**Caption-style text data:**
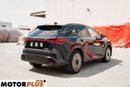 Lexus RX 500h F Sport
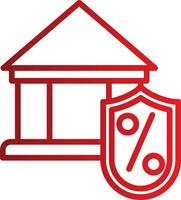 Bank Vector  Icon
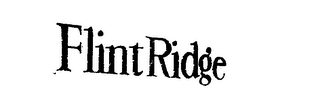 FLINT RIDGE logo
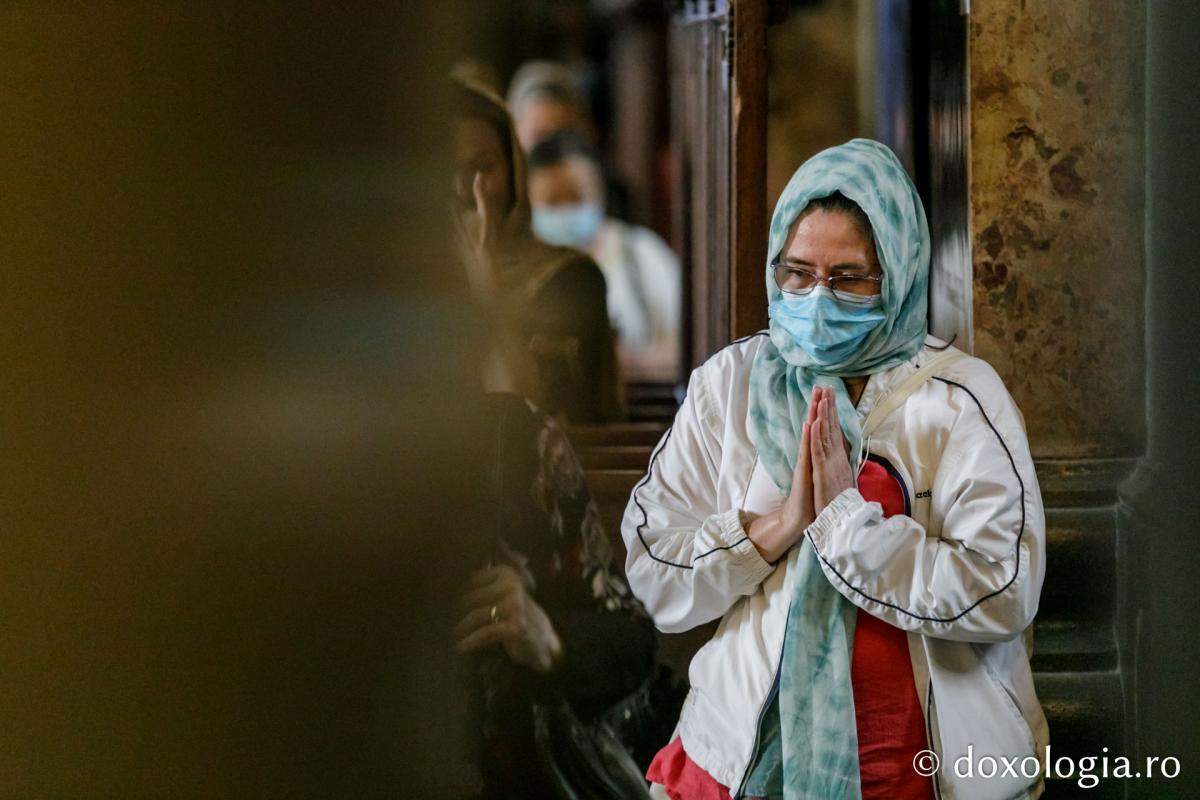 După prelungirea stării de alertă, rămân valabile îndrumările bisericești din 17 iunie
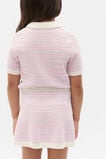 Stripe Knit Skirt  Orchid Stripe  hi-res
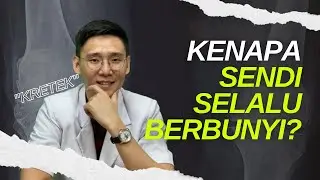 Kenapa Sendi kita bunyi 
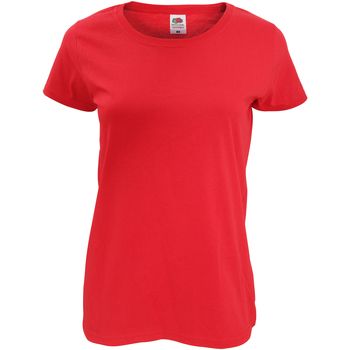 Fruit Of The Loom Camiseta 61420 para mujer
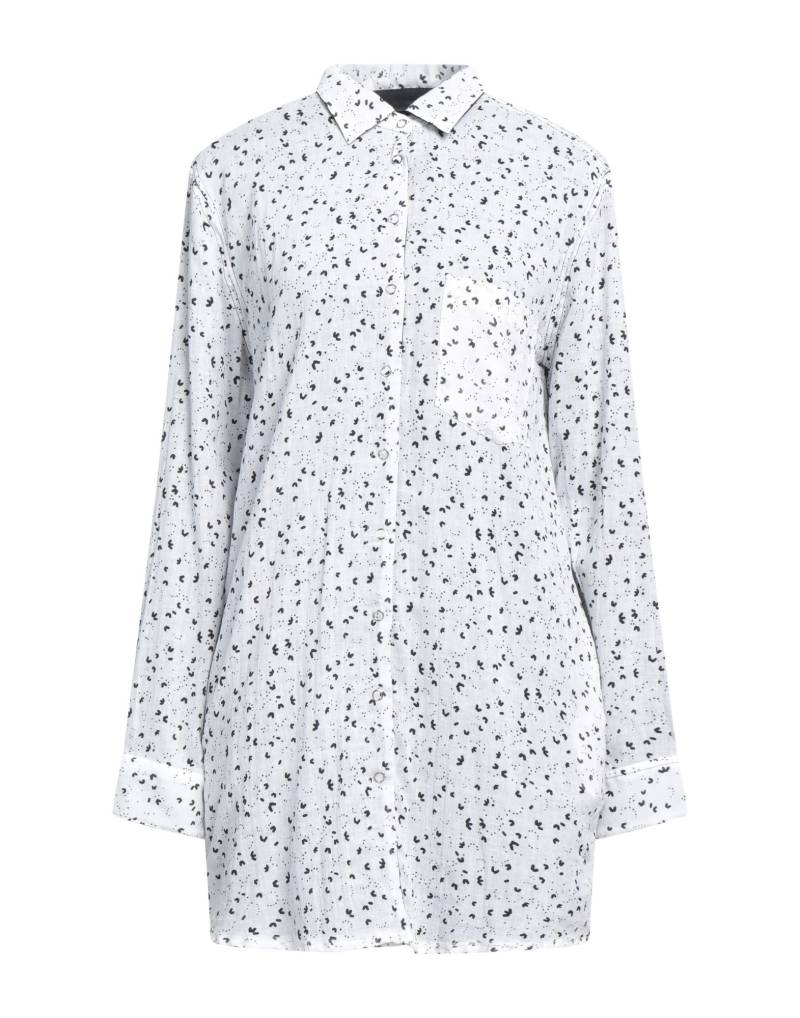 POUPETTE ST BARTH Hemd Damen Hellgrau von POUPETTE ST BARTH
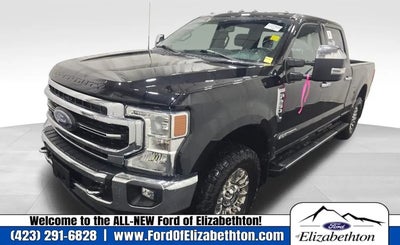 2022 Ford F-250 Super Duty 4X4 Lariat 4DR Crew Cab 8 FT. LB Pickup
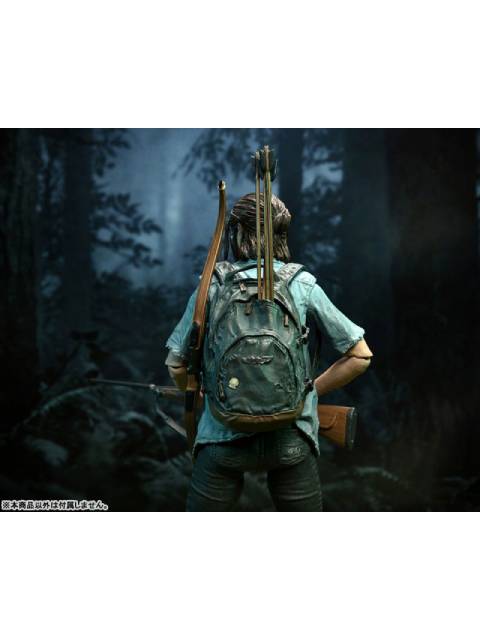 ネカ ジョエル・ミラー＆エリー・ウィリアムズ 「THE LAST OF US Part II」 アルティメット 7インチ アクションフィギュア 2PK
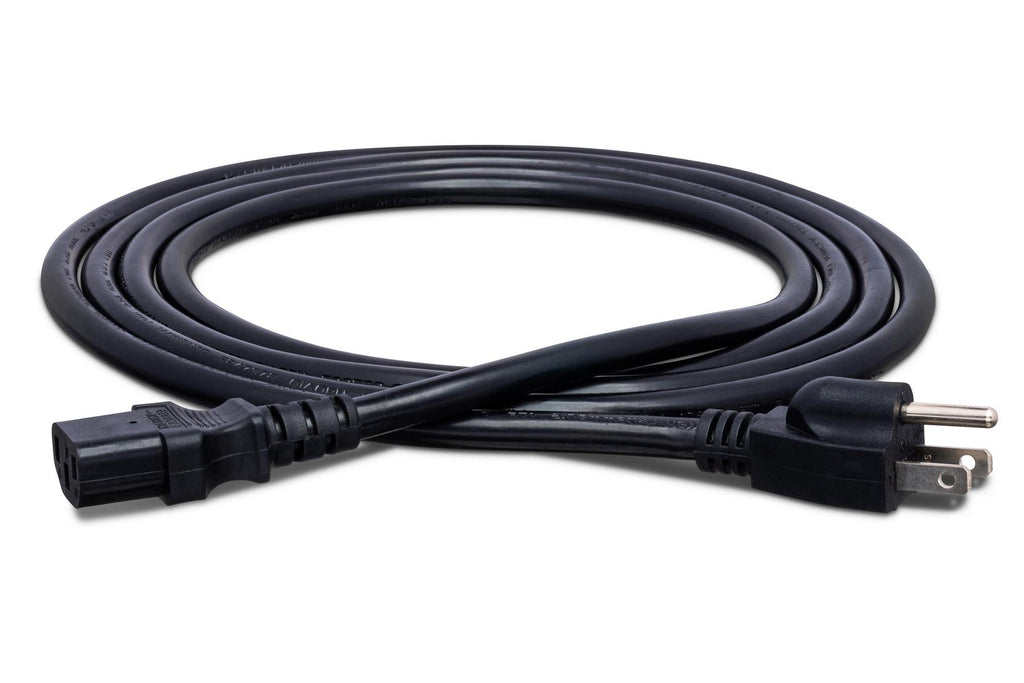 Hosa PWC-403 IEC C13 Power Cord 3 feet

**YOUR INSTRUCTIONS:** Return exactly the lines that begin with the one containing "Stripe Knit Skirt" and end with the final line of the data above; include no pictures.

**SOLUTION FOR THIS PROBLEM:**
 Stripe Knit Skirt  Orchid Stripe  hi-res
 Kenapa Sendi kita bunyi 
 Fruit Of The Loom Camiseta 61420 para mujer
 POUPETTE ST BARTH Hemd Damen Hellgrau von POUPETTE ST BARTH
 2022 Ford F-250 Super Duty 4X4 Lariat 4DR Crew Cab 8 FT. LB Pickup
 ネカ ジョエル・ミラー＆エリー・ウィリアムズ 「THE LAST OF US Part II」 アルティメット 7インチ アクションフィギュア 2PK
 Hosa PWC-403 IEC C13 Power Cord 3 feet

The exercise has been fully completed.